In questa fase è ancora più urgente l’esigenza di costruire spazi e percorsi di riflessione che valorizzino il lavoro comune già svolto e contribuiscano ad indirizzare la svolta ecologica e digitale e le riforme di efficientamento della Pa e della giustizia nel segno di una maggiore equità e inclusione sociale”. E maschera tutto sotto la forza della continuità. “Le forze che hanno già proficuamente lavorato insieme devono nutrire la loro visione democratica e solidaristica con proposte concrete e con traiettorie riformatrici ben chiare, in modo da alimentare questo patrimonio comune e da affinare una condivisione di intenti e di obiettivi. È questo il modo migliore per affrontare il voto di fiducia al nuovo governo che si preannuncia già domani in Parlamento”.

Gli esclusi

Come era logico pensare Italia Viva non è stata invitata a far parte di questo intergruppo. Essendo fautrice della crisi che ha fatto lasciare la poltrona a Conte non ci si poteva aspettare nulla di diverso. Che Conte e Renzi non si piacciano è sempre stato palese. Cosi facendo Italia Viva resta quasi da sola sotto l’insegna del riformismo. “Non siamo stati invitati, ma non ci siamo stupiti perché noi siamo riformisti.
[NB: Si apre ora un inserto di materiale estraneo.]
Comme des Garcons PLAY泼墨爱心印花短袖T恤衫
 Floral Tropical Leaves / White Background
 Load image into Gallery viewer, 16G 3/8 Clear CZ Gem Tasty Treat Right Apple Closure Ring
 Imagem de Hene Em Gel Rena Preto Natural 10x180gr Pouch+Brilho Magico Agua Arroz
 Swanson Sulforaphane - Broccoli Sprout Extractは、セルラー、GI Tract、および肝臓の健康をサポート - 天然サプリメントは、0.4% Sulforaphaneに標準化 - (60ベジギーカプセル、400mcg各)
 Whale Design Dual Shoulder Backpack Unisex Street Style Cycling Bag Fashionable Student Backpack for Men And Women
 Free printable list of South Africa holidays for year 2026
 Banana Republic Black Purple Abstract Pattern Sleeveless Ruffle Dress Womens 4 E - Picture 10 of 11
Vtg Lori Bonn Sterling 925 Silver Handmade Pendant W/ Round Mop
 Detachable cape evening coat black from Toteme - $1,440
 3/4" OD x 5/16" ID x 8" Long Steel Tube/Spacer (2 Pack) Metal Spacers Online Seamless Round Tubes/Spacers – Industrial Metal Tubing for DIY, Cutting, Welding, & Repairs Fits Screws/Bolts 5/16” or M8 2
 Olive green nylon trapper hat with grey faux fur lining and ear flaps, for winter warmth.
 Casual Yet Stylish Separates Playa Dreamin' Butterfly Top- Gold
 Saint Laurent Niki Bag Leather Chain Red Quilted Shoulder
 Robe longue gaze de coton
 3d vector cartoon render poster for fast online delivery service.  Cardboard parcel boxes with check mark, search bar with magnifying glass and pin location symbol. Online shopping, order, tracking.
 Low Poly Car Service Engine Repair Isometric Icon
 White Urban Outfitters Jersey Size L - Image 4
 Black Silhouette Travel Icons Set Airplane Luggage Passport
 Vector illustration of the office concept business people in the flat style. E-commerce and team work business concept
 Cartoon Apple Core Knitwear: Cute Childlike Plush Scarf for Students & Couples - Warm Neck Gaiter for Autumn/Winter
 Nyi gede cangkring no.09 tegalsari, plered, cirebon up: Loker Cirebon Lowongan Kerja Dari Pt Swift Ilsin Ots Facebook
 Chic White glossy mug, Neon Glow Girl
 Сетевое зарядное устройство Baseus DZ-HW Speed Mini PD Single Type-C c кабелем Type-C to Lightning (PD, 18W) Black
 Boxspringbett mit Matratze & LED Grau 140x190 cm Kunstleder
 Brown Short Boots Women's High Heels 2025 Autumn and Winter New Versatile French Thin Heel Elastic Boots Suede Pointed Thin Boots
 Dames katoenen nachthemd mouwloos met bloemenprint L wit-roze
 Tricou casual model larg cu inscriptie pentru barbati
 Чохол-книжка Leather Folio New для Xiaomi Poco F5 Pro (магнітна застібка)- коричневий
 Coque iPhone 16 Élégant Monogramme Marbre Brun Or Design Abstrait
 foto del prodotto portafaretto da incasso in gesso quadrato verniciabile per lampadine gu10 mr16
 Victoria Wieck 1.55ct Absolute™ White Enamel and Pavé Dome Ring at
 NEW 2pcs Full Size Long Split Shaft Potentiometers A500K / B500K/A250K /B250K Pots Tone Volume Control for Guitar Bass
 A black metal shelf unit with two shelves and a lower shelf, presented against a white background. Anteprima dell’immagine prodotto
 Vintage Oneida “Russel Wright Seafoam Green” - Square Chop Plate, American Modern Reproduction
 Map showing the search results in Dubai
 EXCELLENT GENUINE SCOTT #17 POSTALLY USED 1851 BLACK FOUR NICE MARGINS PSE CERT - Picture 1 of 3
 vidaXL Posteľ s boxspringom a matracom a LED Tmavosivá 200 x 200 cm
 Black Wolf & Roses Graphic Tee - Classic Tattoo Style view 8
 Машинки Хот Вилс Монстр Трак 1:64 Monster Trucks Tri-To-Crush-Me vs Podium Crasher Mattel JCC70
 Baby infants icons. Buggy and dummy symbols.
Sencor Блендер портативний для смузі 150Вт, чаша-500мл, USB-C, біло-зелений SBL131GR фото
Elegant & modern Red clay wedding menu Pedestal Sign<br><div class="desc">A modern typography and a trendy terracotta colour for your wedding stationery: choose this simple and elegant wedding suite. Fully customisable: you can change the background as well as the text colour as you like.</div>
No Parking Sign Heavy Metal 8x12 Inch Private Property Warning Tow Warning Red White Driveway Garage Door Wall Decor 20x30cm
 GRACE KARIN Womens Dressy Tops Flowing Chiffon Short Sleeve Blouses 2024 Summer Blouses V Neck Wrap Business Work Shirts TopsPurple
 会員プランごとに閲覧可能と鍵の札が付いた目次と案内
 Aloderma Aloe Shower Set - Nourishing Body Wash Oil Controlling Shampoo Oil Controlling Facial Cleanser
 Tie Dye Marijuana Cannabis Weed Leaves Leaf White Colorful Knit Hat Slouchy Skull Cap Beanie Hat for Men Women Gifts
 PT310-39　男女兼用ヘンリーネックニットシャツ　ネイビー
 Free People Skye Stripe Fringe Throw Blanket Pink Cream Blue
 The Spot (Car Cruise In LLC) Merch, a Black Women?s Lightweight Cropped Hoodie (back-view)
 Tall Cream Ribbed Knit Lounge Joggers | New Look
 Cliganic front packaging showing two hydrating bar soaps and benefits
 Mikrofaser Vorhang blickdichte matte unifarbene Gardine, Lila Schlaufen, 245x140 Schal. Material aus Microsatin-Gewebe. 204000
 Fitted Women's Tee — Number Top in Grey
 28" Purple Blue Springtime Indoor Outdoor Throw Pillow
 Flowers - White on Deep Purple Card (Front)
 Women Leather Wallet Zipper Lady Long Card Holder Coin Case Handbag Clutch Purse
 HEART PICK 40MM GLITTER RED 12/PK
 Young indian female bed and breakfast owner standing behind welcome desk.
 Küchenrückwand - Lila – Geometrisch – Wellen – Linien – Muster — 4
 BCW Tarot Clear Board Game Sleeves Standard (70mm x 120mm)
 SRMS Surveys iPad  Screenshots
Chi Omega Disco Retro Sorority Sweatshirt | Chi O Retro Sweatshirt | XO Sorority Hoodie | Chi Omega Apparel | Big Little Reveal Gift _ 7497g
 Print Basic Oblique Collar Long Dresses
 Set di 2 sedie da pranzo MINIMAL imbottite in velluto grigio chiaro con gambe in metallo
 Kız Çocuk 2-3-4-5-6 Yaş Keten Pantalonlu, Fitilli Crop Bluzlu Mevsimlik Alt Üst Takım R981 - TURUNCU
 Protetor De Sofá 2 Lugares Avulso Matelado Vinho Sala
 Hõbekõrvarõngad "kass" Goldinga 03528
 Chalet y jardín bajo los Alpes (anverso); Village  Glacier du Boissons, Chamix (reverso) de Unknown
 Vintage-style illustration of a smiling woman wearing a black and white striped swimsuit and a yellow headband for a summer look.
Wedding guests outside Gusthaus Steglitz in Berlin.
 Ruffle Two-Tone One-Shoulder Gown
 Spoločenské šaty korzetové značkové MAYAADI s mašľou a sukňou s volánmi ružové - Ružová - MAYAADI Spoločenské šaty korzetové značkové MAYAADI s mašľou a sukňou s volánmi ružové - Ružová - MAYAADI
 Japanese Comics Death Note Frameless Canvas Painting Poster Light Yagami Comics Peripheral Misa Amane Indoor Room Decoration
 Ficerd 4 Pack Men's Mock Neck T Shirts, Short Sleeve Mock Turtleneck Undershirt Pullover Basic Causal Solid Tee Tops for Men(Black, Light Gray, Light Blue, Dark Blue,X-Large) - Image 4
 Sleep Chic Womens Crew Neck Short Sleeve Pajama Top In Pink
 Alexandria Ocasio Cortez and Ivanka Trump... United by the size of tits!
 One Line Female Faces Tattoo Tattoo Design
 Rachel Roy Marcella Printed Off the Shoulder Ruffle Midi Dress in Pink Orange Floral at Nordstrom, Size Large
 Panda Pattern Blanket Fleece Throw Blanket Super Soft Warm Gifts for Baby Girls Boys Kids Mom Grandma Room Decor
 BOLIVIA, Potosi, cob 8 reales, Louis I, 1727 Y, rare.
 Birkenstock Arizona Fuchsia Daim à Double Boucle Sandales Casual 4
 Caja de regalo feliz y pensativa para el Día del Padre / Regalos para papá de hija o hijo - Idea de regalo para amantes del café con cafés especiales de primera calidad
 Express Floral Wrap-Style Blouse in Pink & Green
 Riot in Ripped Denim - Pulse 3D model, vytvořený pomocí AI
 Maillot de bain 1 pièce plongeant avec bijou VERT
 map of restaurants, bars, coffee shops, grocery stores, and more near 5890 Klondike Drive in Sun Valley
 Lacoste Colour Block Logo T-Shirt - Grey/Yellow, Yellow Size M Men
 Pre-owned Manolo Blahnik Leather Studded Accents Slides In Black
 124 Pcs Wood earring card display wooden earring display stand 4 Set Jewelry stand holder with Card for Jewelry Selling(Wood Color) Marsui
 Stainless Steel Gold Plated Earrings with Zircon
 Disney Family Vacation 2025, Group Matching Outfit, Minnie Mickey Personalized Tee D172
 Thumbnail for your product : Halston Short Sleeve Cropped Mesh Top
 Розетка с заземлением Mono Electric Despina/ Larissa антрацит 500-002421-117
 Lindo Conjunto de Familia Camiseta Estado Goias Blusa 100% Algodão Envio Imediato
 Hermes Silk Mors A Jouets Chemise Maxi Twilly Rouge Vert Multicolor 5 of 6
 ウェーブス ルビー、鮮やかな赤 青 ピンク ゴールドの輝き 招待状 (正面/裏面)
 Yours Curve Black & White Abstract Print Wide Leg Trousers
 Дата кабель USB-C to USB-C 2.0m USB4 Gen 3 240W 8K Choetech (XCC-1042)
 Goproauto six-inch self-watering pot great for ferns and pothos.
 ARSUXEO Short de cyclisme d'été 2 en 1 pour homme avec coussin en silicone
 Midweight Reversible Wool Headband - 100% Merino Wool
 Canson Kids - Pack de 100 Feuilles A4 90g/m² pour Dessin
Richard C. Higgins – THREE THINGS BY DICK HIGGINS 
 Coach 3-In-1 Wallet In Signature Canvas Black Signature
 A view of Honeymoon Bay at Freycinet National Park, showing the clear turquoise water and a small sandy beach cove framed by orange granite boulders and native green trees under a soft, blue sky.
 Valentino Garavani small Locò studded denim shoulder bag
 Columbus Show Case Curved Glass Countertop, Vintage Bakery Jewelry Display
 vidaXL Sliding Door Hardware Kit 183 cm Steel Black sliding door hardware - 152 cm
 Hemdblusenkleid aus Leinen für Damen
E’ stata una loro scelta, rispettabile e forse affrettata”, secondo la senatrice renziana Donatella Conzatti. Mentre  Ettore Rosato vede in questa mancata partecipazione una possibilità e un’opportunità che “apre una prateria per chi vuole costruire la casa dei riformisti. Italia Viva c’è e ci sarà. Per il riformismo, contro il populismo”.